Looking back, I can see God’s hand at work in the midst of it all. I see that my children spent nine months watching me pray for grace and strength, and in some ways laying down my life to bring forth new life despite many obstacles. The message imparted to their impressionable little minds was abundantly clear – that being fruitful is a divine calling; that each child is a beloved gift from on high to be savored. Perhaps no one said it better than Mother Teresa when she asked, “How can there be too many children? That is like saying there are too many flowers.”
By involving our children in our pregnancy, we can use this profoundly meaningful time as an inspiring way to fulfill our family’s homeschooling mission. We can bring some of our children with us when we get ultrasounds; read them child-appropriate books about pregnancy (such as Angel in the Waters by Regina Doman, The New Baby by Anne Civardi, Before I Was Me by Frank Fraser, or Alive Before You Were Born: God’s Gift of Life by Kim Bestian), pray novenas for a healthy pregnancy and delivery; explain to them that we are eating certain nutritious foods to nourish the baby; watch weekly videos online which follow the progression of the pregnancy; and take advantage of rest time to read them enriching stories. With the help of a little creative thinking, our pregnancy can serve as an asset to their education, not as an impediment to it or a distraction from it.

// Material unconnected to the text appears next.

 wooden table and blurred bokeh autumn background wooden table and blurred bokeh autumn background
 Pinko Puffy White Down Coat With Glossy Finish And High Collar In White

Importantly, if we consecrate our pregnancy and our unborn child to the Heavenly Father, our children may experience extraordinary spiritual growth alongside of us. Truly, being open to life also means being open to the supernal graces of God, the majestic Creator. A faithful Catholic pregnant woman so naturally becomes an authentic contemplative in the midst of her bustling house and the world around her. As her body endures the many pains and penances of pregnancy, her heart burns with charity and her soul becomes consumed with zeal for the Creator’s glory. As St. Zélie Guérin Martin, mother of St. Thérèse of Lisieux, once put so eloquently, as mentioned in Story of a Family (TAN Books, 1994):
“Above all, during the months immediately preceding the birth of her child, the mother should keep close to God, of whom the infant she bears within her is the image, the handiwork, the gift and the child. She should be for her offspring, as it were, a temple, a sanctuary, an altar, a tabernacle. In short, her life should be, so to speak, the life of a living sacrament, a sacrament in act, burying herself in the bosom of that God who has so truly instituted it and hallowed it, so that there she may draw that energy, that enlightening, that natural and supernatural beauty which He wills, and wills precisely by her means, to impart to the child she bears and to be born of her.”
By heeding the sound advice of this canonized Saint, we can sanctify our pregnancies, and permeate our domestic churches with this same fragrance of sanctity. If we are genuinely homeschooling for the sake of eternal life, bringing a new child into our family with the hope of raising them up for Heaven can only further this beautiful goal. And let us never forget that Our Lord, the Blessed Mother, the Mother of Life, and all of the Saints are near and dear friends to pregnant women.
They will not fail to be by our side in the midst of our struggles. As Servant of God Fr. John A. Hardon, a very strong and vocal advocate of homeschooling, once reminded us, “You must pray… without prayer, all the schooling in the world will not produce the effect that God wants homeschooling to give.”